Gentoo can´t have such a great Installation manual and then leaving the newbee´s alone with compiling their kernel - so there´s genkernel for  them to use. 

It´s not possible to write a kernel-guide for every piece of hardware around. So, use genkernel to compile a running kernel, and then do another compile and tweak the settings step-by-step (tip: leave the "genkernel-kernel" on your disk and in lilo, so you can use it when your modified kernel doesn´t work).

hope ya understand my point; it´s not my native language  :Wink: 

----------

## vonhelmet

I'd recommend learning what the kernel options mean and figuring out how to compile a working kernel yourself.

If genkernel helps you along the path to not needing genkernel, then it's a good thing  :Smile: 

Build a kernel with genkernel so you have something that boots, then recompile your kernel by hand and set it up alongside the genkernel'ed one in Grub/Lilo/Silo/Kilo/Rolo/Polo (NB some of these bootloaders may not be real) and test it. If it works - well done for you!
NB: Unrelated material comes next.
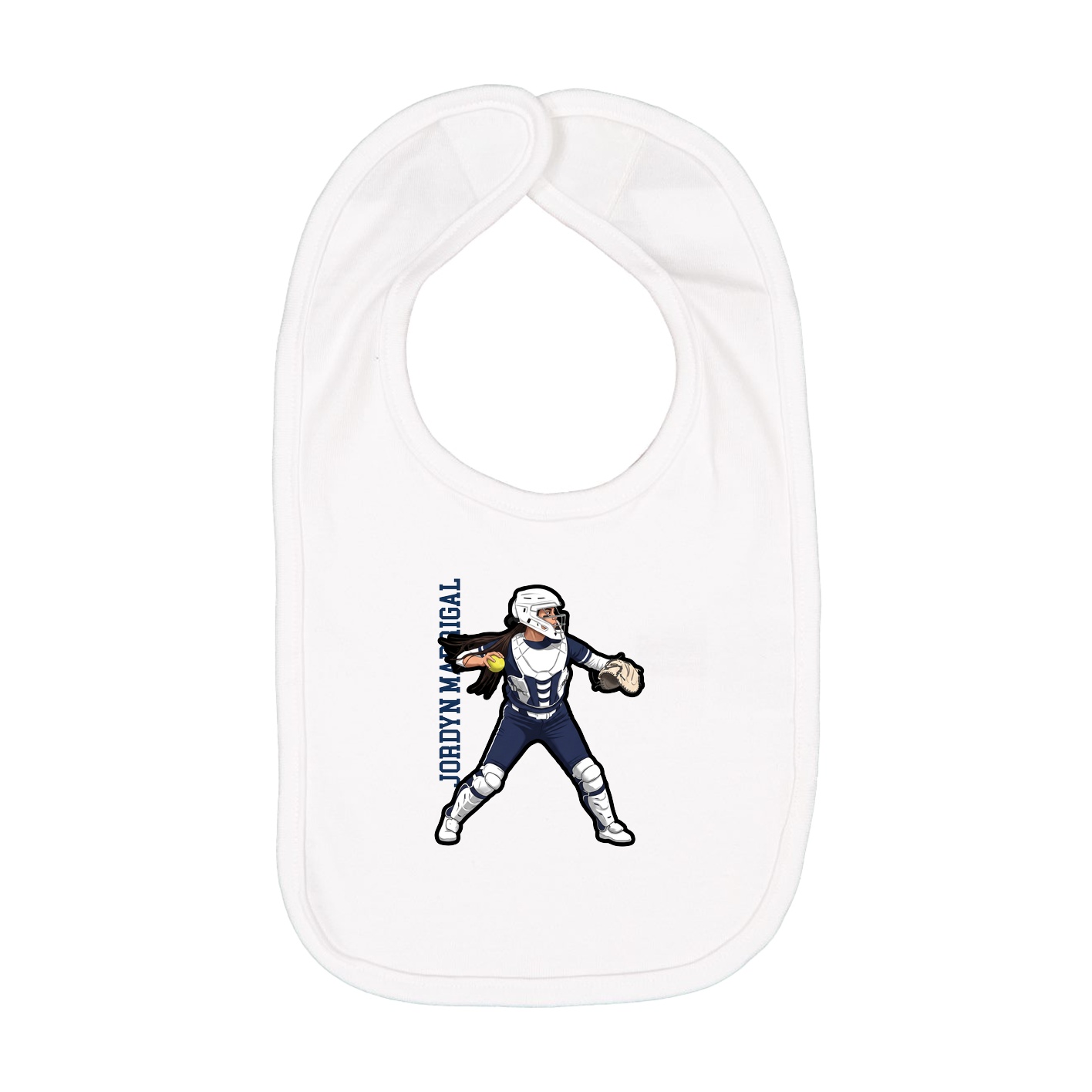 Infant Bib — Name Vertical in White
If not, just boot the genkernel'ed one and start over and keep trying till you get the hang of it.

----------

## Kiroku6

I just downloaded and compiled 2.6.6-rc3-love4 so, i hope i did good lol.

----------

## ewan.paton

 *Kiroku6 wrote:*   

> I just downloaded and compiled 2.6.6-rc3-love4 so, i hope i did good lol.

 

a genkernel lovesources is a bit of an oxymoron as lovesources is meant for folks who know enough about the kernel but cant be arsed patching it themselves. 

genkernel has never worked for me all it does is create a whole bunch of modules i didnt need and didnt autoload the network drivers etc so i saw no advantage in not compiling it by hand, its not like its hard you just look out the stuff you need and bingo

----------

## Kiroku6

I didnt use genkernel for love-sources. But it didnt work anyway so im using gentoo-dev-sources.

----------

## Regor

In addition to the points others have made I'd add that genkernel is also very difficult to support. It turns the kernel creation process into a blackbox. If you post here or go onto #gentoo with a question like "I have a frobnitz 2000 network card and kernel 2.6.5 - what configuration options do I need to select to make it work?" dozens if not hundreds of people will be around that can and will answer. OTOH, if the question is more like "I'm trying to compile a kernel and my system is completely #$*@$'d up but it works if I make one with genkernel", the answer is likely to be "oh well, use genkernel then".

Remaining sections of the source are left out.